Querying Full-Text Data in Microsoft SQL Server 2012
- 12/15/2012
- Before You Begin
- Lesson 1: Creating Full-Text Catalogs and Indexes
- Lesson 2: Using the CONTAINS and FREETEXT Predicates
- Lesson 3: Using the Full-Text and Semantic Search Table-Valued Functions
- Case Scenarios
- Suggested Practices
- Answers
Lesson 2: Using the CONTAINS and FREETEXT Predicates
SQL Server supports two very powerful predicates for limiting the result set of a query by using full-text indexes. These two predicates are the CONTAINS and FREETEXT predicates. Both of them support various term searching. Besides these two predicates, SQL Server supports two table-valued functions for full-text searches, and three table-valued functions for semantic searches. You learn about the two predicates in this lesson and about the five functions in the next lesson.
The CONTAINS Predicate
With the CONTAINS predicate, you can search for the following:
Words and phrases in text
Exact or fuzzy matches
Inflectional forms of a word
Text in which a search word is close to another search word
Synonyms of a searched word
A prefix of a word or a phrase only
You can also add your custom weight to words you are searching for. You use the CONTAINS predicate in the WHERE clause of your T-SQL statements.

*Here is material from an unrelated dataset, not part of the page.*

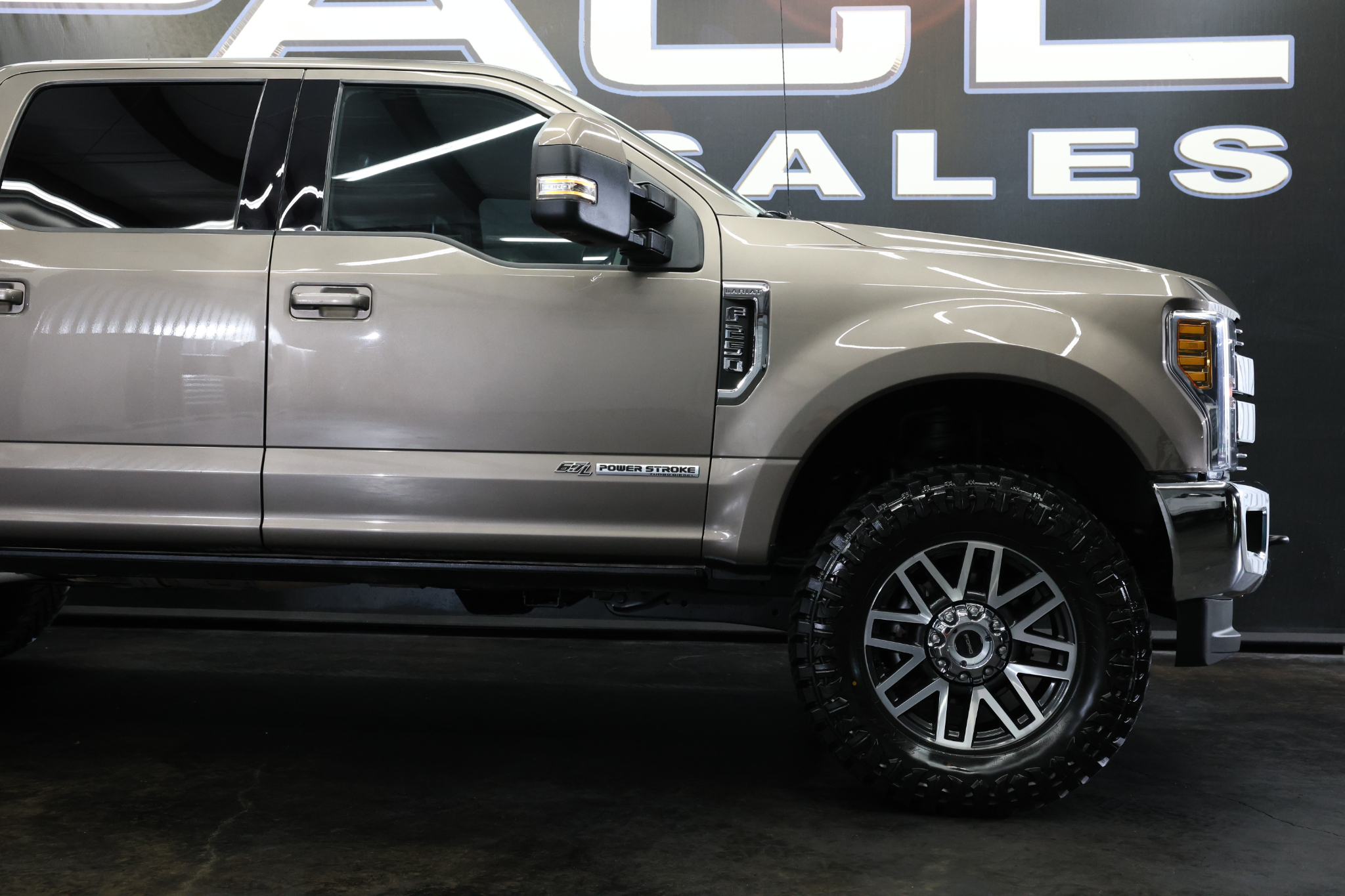 Ford Super Duty F-250 SRW Lariat 4WD Crew Cab 6.75' Box 2018 Ford Super Duty F-250 SRW Lariat 4WD Crew Cab 6.75' Box 2018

For all details about this predicate, see the Books Online for SQL Server 2012 article “CONTAINS (Transact-SQL)” at http://msdn.microsoft.com/en-us/library/ms187787.aspx. Here are the most important forms of queries with the CONTAINS predicate in pseudo-code, where FTcolumn stands for a full-text indexed column and ‘SearchWord?’ stands for the word or phrase searched:
SELECT…FROM…WHERE CONTAINS(FTcolumn, ‘SearchWord1’) This is the simplest form. You are searching for rows where the FTcolumn contains an exact match for ‘SearchWord1’. This is a simple term.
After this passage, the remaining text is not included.